The Clerk started looking a bit aflutter as one of the skinheads in the front row started handing out tinnies of Stella to help the climate along.

'' I say, '' said the Judge, `` We really can not have hoi polloi drinking Alcohol in court. ``

'' Why you want one ? '' I asked, `` Or will you stick around to the Gin in your water glass. ``

'' Gin thank you ! '' he replied with the faintest of a smile, `` If you could settle down Ladies and Gentlemen. ``

'' Get on with it ! '' Big Greg Norman the six fundament seven, twenty stone bouncer from the 'Flying Horse ,'shouted.

I looked down from the witness box and grinned.

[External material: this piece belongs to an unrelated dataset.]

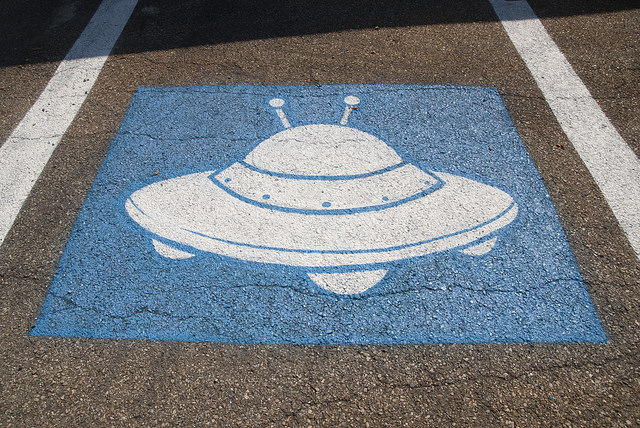 Place de parking pour ovni / © Thierry Ehrmann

'' Why are we waiting ! '' old Esmond the Cymric git from Mafeking Street started singing to the air of `` Oh come all ye congregation, '' and the skinheads joined in `` Why are we fuck-ing wait-ing, ''

'' Clear the judicature ! '' the Clerk shouted, `` certificate ! ``

'' They fucked off age ago, '' I told him but Harry and Dave what usually checked the punters for tongue and that was in their civvies at the binding with the rest of the lads.

'' Call the police ! '' the shop clerk pleaded.

'' They could n't spare no one, '' I said and I winked at PC Tony Mulholland who was sat in the forth row sharing a joke with a blond skinhead bloke with Manchester Untied tattooed on his arm.

'' Settle down Mr shop assistant, '' the Judge pleaded, `` It is manifestly clear up that if you try to take the Court cleared you will be first to go forth and in all probability through the window, which I remind you is a third gear storey window. ``

'' Yes your pureness, '' he agreed.

'' Now Mr Weasley, do you have any sensible dubiousness for the suspect ? '' the evaluator asked the prosecutor who was sweating furiously now.

The panel was looking a bit sheeplike by this time, the old biddy in the Grey suit clearly fancied me while the school teachery one with the DD tits all constricted in a sportswoman bra was struggling with her conscience, probably a Lesbo.

'' And whose estimate was it to thrust a red hot curved Fe spike up the dupe 's anus and out of his phallus, '' he asked.

'' Ca n't commemorate gallant, '' I said, `` We was down the Flying sawbuck trying to work out what to do about all these pedos when mortal had a brain wafture. ``

'' Ca n't remember, how convenient ! '' he sneered.

'' You try fucking remembering after twelve dry pint of Stella ( Artois ) '' I replied, `` Anyway it were n't as if we patented it ! ``

'' And are we to believe you took no pleasure from this ? '' he asked.

'' Yeah, course I fucking did, '' I told him, `` The ardent freshness of satisfaction from a job well done ! '' That got a laugh.

'' Mr Weasley ? '' the Judge interjected, `` Am I to see that you claim an Iron bar was inserted in the dupe 's anus and out of his penis, only the photographs clearly show a Mexican valium. ``

'' Ah, both your honour. '' the prosecuting attorney suggested.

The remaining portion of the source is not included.